[Input for this task — start]
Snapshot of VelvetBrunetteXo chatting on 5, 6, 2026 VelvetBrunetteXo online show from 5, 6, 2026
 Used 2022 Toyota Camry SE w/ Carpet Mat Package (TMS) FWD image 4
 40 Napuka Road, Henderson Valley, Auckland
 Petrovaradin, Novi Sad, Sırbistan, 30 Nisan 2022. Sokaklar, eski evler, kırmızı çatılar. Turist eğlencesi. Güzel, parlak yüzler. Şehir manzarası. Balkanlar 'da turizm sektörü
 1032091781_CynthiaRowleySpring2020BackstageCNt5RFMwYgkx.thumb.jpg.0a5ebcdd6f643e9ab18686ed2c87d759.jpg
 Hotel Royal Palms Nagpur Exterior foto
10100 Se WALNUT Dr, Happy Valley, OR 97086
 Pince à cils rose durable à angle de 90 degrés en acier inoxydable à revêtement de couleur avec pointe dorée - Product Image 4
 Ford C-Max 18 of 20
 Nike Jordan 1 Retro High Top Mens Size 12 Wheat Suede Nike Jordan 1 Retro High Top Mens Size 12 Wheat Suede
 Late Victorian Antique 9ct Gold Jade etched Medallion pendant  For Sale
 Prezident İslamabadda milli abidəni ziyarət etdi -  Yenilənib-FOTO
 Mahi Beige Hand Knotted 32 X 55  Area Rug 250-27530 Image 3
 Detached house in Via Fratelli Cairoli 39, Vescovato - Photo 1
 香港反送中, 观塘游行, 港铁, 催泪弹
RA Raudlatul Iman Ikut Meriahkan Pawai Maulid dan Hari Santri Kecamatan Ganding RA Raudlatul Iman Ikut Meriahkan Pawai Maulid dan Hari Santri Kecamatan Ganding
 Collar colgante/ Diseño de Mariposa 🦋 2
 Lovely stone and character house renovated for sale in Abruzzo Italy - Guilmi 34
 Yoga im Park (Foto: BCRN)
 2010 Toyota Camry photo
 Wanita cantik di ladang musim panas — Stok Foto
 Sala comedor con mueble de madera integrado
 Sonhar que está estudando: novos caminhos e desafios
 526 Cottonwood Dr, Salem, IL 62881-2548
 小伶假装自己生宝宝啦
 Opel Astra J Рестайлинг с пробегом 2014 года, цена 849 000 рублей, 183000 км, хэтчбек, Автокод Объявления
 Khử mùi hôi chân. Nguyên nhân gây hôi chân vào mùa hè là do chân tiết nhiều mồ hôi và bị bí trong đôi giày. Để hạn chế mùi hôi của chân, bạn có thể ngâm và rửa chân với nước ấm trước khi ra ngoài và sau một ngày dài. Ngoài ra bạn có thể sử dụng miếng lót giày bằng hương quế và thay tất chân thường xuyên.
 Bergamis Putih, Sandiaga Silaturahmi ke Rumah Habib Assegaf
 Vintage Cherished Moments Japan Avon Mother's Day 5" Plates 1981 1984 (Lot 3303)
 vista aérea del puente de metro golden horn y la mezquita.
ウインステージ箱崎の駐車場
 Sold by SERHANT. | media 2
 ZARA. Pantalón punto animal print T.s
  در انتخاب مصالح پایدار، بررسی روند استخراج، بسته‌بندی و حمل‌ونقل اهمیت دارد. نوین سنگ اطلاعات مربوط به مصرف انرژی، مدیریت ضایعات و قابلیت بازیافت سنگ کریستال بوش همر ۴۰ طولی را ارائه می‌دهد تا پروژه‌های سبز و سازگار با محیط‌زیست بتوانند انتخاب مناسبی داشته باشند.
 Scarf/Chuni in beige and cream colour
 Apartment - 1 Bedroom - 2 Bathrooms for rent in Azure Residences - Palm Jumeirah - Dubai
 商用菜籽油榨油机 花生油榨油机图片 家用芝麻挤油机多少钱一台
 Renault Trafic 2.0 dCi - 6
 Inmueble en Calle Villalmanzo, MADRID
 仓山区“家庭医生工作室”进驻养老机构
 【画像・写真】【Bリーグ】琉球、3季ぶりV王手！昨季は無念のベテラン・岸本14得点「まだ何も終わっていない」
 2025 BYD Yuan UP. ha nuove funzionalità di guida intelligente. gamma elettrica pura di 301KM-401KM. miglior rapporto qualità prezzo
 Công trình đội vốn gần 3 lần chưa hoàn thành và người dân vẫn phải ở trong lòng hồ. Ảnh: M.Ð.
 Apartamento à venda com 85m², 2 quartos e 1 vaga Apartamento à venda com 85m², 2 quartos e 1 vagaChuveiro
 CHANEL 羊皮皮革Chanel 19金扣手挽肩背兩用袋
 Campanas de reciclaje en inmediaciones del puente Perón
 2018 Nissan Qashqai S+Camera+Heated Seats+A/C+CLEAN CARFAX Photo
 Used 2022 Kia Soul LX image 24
[Input for this task — finish]
### Your assignment
What lines in the listing above contain the word "puente"? Show each one.

### Completed exercise
 vista aérea del puente de metro golden horn y la mezquita.
 Campanas de reciclaje en inmediaciones del puente Perón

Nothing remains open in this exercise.